# Lifestyles & Discussion > Miscellaneous Discussion > Marketplace > For Sale: Mobile Homes / Mobile Home Rental Business

## helmuth_hubener

Greetings, RPFers!

I have a rental business consisting of several mobile homes in Gillette, Wyoming. Will sell the the whole business for $80,000. Or just individual homes, if you're looking for someplace to live or whatever. Wyoming is a very conservative state, with a lot of rugged individualism and country folks knowledgeable in ranching, hunting, survival, etc. So if you're worried about the coming collapse, get out of the city and come on out to big skies and low property taxes -- the annual tax for one of these might run around $25! Seriously. Total. Per year. I can finance you, too, so you can do small monthly payments for a year or two and then you own it. 

If you're interested in buying them all as a business, the profit income and cash flow are good. I just have gotten married and moved far away and so it doesn't really make sense for me to keep them forever, I've decided.  Moving on to other things. But I'll bet this would be a perfect opportunity for someone on here. So there you have it!

----------


## CaseyJones

bump

----------


## oyarde

Well whoever buys it ,  one thing about a place like Gillette , there are places to eat that are not just ordinary chains for those of you who eat out .On the old US highway there are lots of places. There are places like Granny's Kitchen, Chophouse , Smiling Moose Deli , Lariat Cafe , Uncle Freddies , lol

----------


## trey4sports

sounds like a great place to be. Best of luck to ya.

----------


## jdmyprez_deo_vindice

Let me look over some finances in the next week and we may be in touch.

----------


## helmuth_hubener

Thanks, guys, for the replies!

Here's some pictures.  First off, just to be clear: Gillette is RON PAUL COUNTRY. 

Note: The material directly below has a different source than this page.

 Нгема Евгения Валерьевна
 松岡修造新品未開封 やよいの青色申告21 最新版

Picture some years ago of two of the homes:



Here's what you have right across the street from those three, a nice park with a pond and walking trail:





In the background there across the pond and over the hill is the Gillette Gun Club, an outdoor rifle, pistol, and shotgun shooting and archery range.  So that being close by (but don't worry, you don't hear the shooting) should be considered a plus, I think. 

I have various pictures and videos for anyone interested.

----------


## Lafayette

Hows the job market out there?

----------


## Michigan11

That's it! How much is one of these?

I will buy one of these, I love Wyoming and Montana, that whole area of the country. I would like you to pm me, I will plan on going out there in the winter time, nothing to do here in Michigan in the winter anyways, was thinking about Florida again, but forget it. PM me!

----------


## helmuth_hubener

> Hows the job market out there?


I would say good.

You can look at the unemployment numbers and Wyoming has some of the lowest unemployment.


http://en.wikipedia.org/wiki/List_of...mployment_rate

So that's good, all else equal.  And the people who I know who are halfway decent workers don't seem to have a problem finding work.  What do you do for work?

----------


## Dianne

> Greetings, RPFers!
> 
> I have a rental business consisting of several mobile homes in Gillette, Wyoming. Will sell the the whole business for $80,000. Or just individual homes, if you're looking for someplace to live or whatever. Wyoming is a very conservative state, with a lot of rugged individualism and country folks knowledgeable in ranching, hunting, survival, etc. So if you're worried about the coming collapse, get out of the city and come on out to big skies and low property taxes -- the annual tax for one of these might run around $25! Seriously. Total. Per year. I can finance you, too, so you can do small monthly payments for a year or two and then you own it. 
> 
> If you're interested in buying them all as a business, the profit income and cash flow are good. I just have gotten married and moved far away and so it doesn't really make sense for me to keep them forever, I've decided.  Moving on to other things. But I'll bet this would be a perfect opportunity for someone on here. So there you have it!


Is this still available?    If so, how many mobile homes are on the property, and is the land included?

----------


## donnay

> Land ownership in the Midwest and East is mostly private. Only 4.2 percent of North Dakota is federally owned, 5.7 percent of South Dakota and 1.4 percent of Nebraska, said Jerimiah Rieman, a policy adviser to Wyoming Gov. Matt Mead.
> 
> But in Wyoming, the federal government owns 48 percent of the 97,000 square miles within the state's borders. Below the surface, the federal government owns two-thirds of the mineral rights in the state, Rieman said.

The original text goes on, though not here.